EXERCISE
For the material below, the expected output is exactly the lines between the line holding "House in Summerfield, Florida" and the line holding "Renault Clio 1.9 D RN - 8", inclusive, with pictures left out.

MATERIAL TO PROCESS
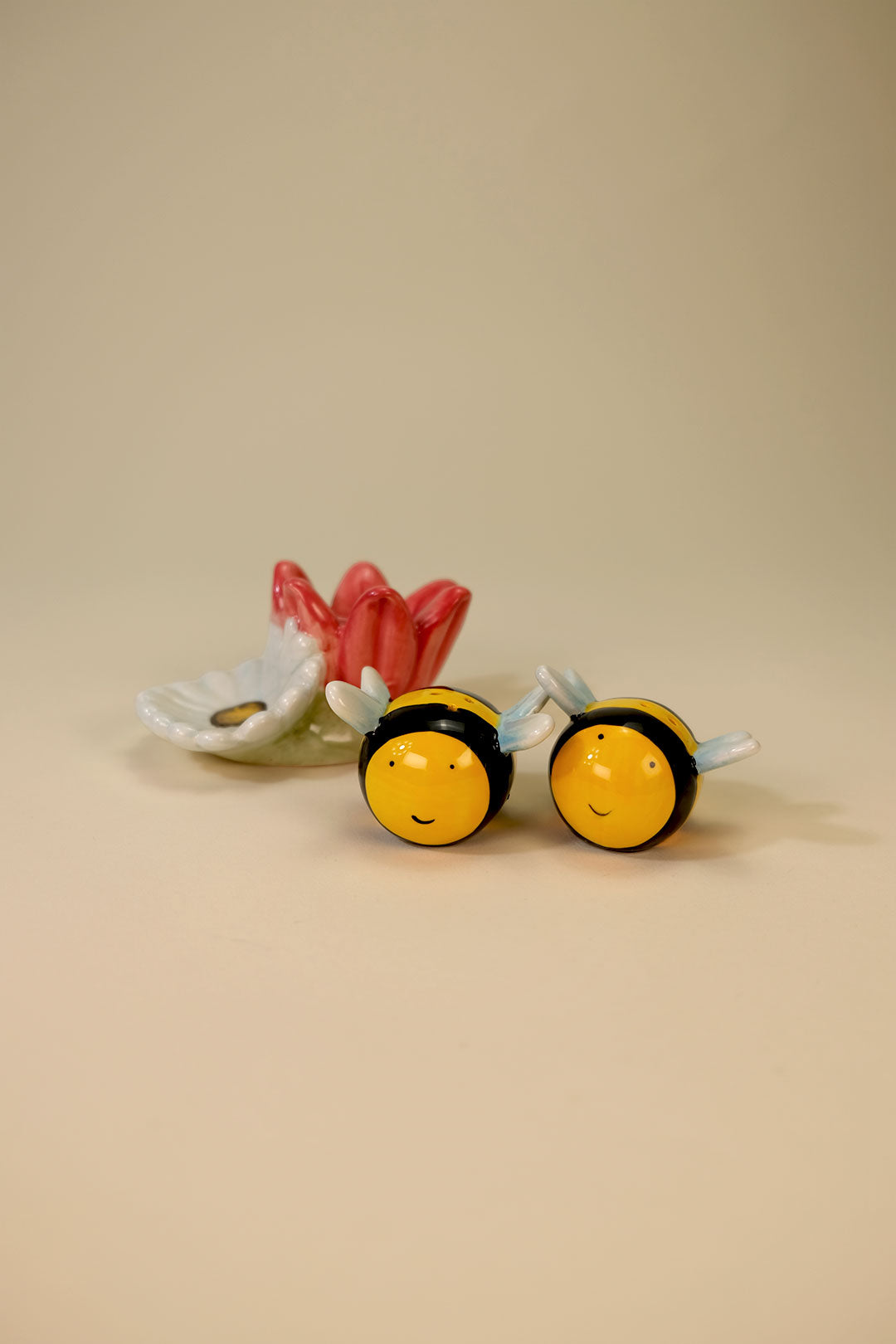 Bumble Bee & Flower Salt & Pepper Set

--

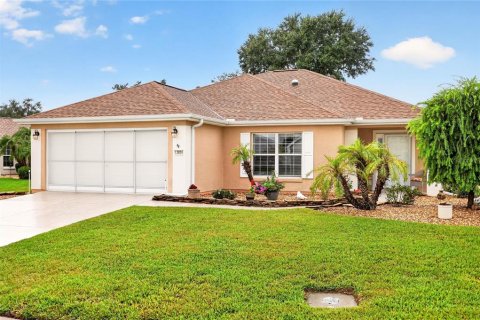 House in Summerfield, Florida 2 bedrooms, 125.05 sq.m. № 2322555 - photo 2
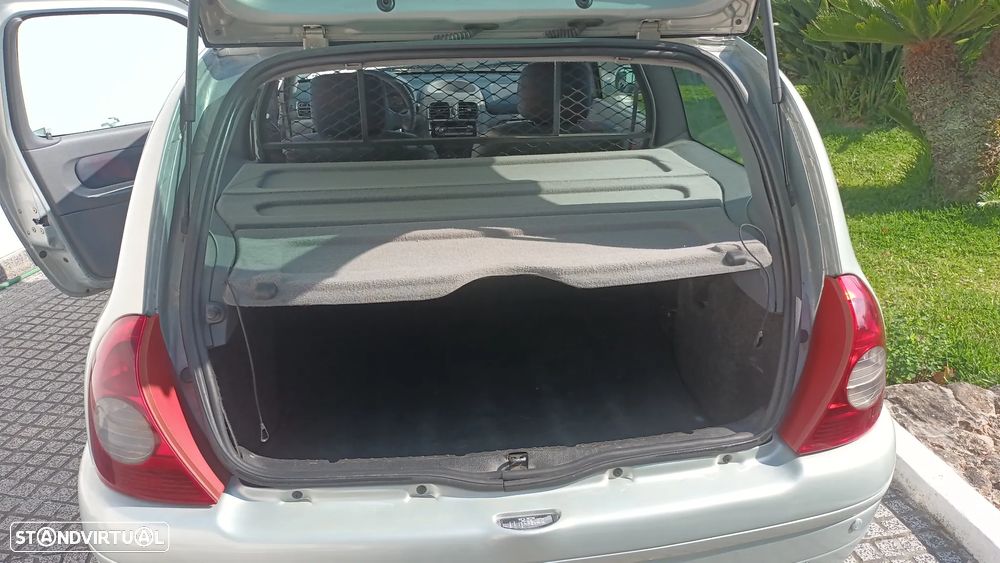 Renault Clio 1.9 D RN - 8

ANSWER
 House in Summerfield, Florida 2 bedrooms, 125.05 sq.m. № 2322555 - photo 2
 Renault Clio 1.9 D RN - 8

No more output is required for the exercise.